■ Your objective:
Once the line containing "State Farm auto insurance provides" is found in the entries below, restate it and each following line word for word, stopping after the line containing "And you can".
═════ Information given ═════
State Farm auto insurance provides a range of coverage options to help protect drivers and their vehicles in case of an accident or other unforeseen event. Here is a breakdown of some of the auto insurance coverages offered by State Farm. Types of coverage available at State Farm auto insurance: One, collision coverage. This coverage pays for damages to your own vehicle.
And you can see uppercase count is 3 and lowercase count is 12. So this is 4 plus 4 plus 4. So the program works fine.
═════
═════ Information given ═════
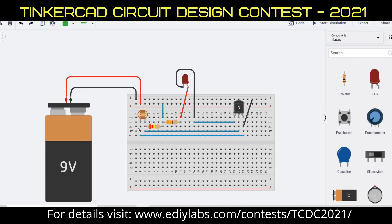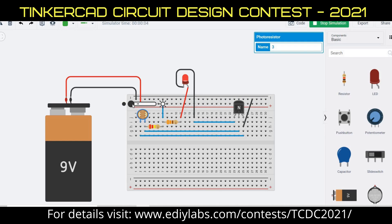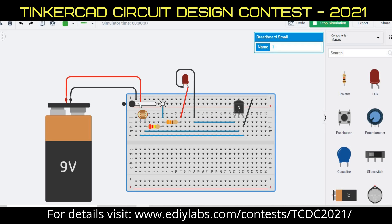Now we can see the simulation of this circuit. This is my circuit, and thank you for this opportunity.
═════
■ Reply:
State Farm auto insurance provides a range of coverage options to help protect drivers and their vehicles in case of an accident or other unforeseen event. Here is a breakdown of some of the auto insurance coverages offered by State Farm. Types of coverage available at State Farm auto insurance: One, collision coverage. This coverage pays for damages to your own vehicle.
And you can see uppercase count is 3 and lowercase count is 12. So this is 4 plus 4 plus 4. So the program works fine.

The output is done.